**What you will do:** Would you output the entries below only from the line containing "Functional buttons" through the line containing "BMW 3 SERIES", exactly as they stand and with both ends included?

**Data to process:**

****************

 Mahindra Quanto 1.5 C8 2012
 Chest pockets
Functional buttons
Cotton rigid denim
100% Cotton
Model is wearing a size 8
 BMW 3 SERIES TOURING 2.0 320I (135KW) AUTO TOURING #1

****************

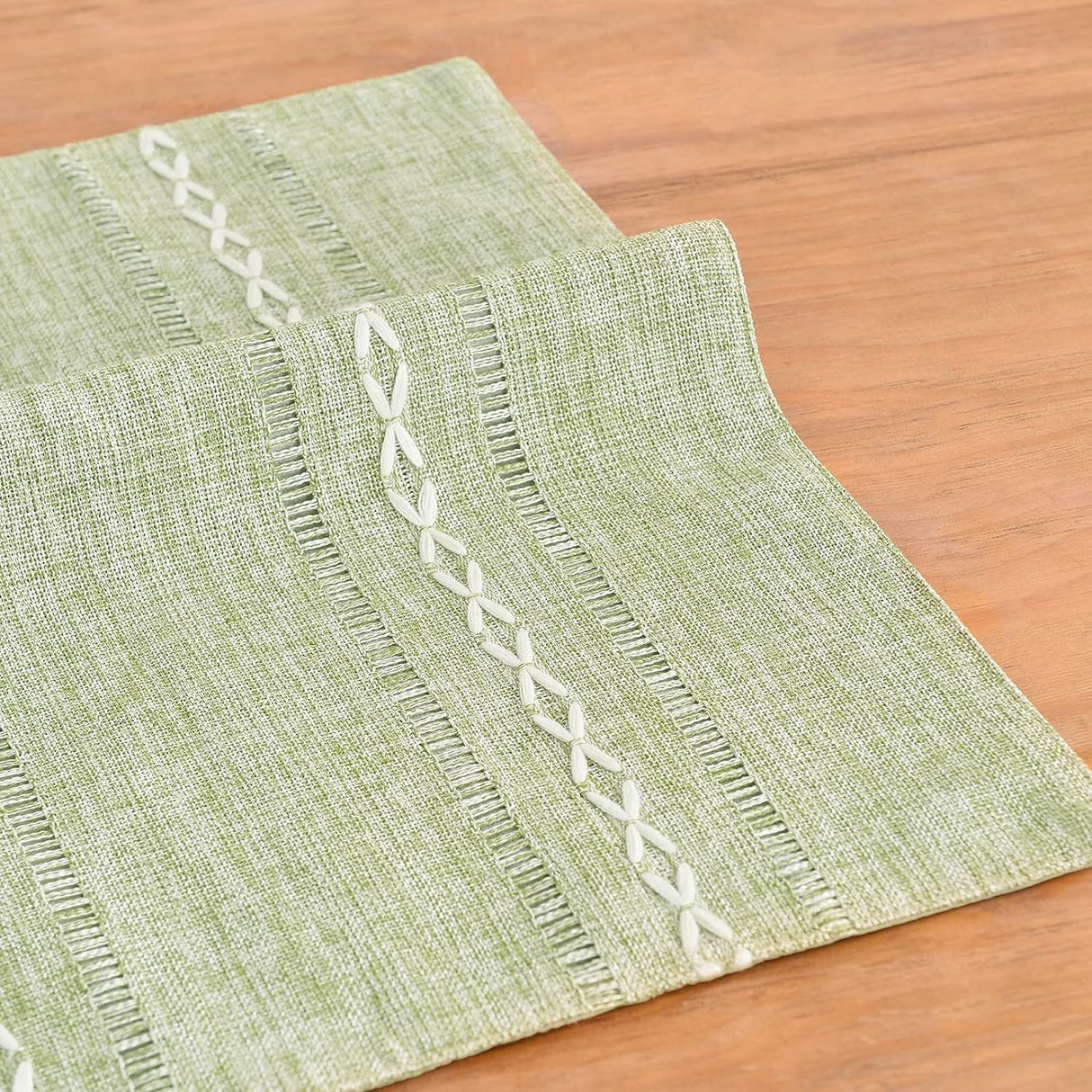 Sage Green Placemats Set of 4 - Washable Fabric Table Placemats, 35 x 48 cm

****************

**Answer for the task:**
Functional buttons
Cotton rigid denim
100% Cotton
Model is wearing a size 8
 BMW 3 SERIES TOURING 2.0 320I (135KW) AUTO TOURING #1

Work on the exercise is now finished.